Solving a Leetcode problem daily — Day 10 | Find first and last position in sorted array

Subhradeep SahaSubhradeep Saha
7 min read

Here is the Leetcode problem link —

https://leetcode.com/problems/find-first-and-last-position-of-element-in-sorted-array/description/

Problem Statement

Given an array of integers nums sorted in non-decreasing order, find the starting and ending position of a given target value.

If target is not found in the array, return [-1, -1].
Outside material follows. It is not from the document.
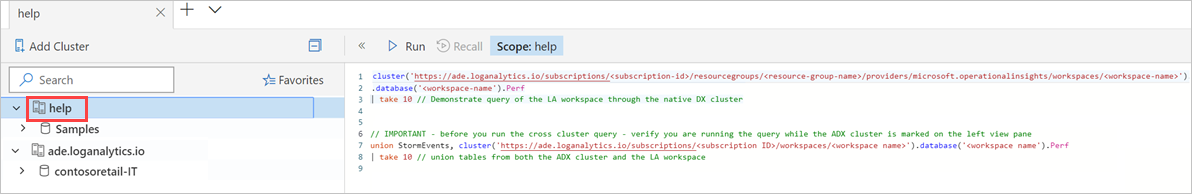 Snímek obrazovky znázorňující dotaz mezi službami z webového uživatelského rozhraní Azure Data Explorer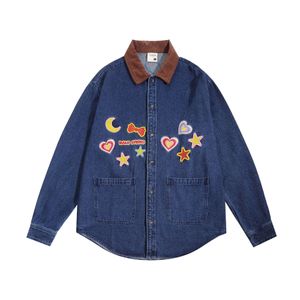 Harajuku mavi kot pantolon hip hop nakış yıldız ay kalp uzun kollu denim gömlek sokak kıyafetleri 2023 moda gevşek bluzlar ceket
You must write an algorithm with O(log n) runtime complexity.

Example 1:
Input: nums = [5,7,7,8,8,10], target = 8
Output: [3,4]

Example 2:
Input: nums = [5,7,7,8,8,10], target = 6
Output: [-1,-1]

Example 3:
Input: nums = [], target = 0
Output: [-1,-1]

Constraints:

  • 0 <= nums.length <= 10^5

  • -10^9 <= nums[i] <= 10^9

  • nums is a non-decreasing array.

  • -10^9 <= target <= 10^9

High-Level Approach

Binary search to the rescue

The brute force solution entails iterating through each item in the input array to determine the first and last indices of the specified target.
However, since the input is in non-decreasing order, we can leverage binary search to take advantage of this characteristic and significantly reduce the time complexity to a logarithmic scale.

How are we finding the indices?

The first index corresponds to either the beginning of the array or the position where the previous number is different from the target. Likewise, the last index corresponds to either the end of the array or the position where the next number is different from the target.

In cases where the target is not present in the input array, both indices’ positions are returned as -1.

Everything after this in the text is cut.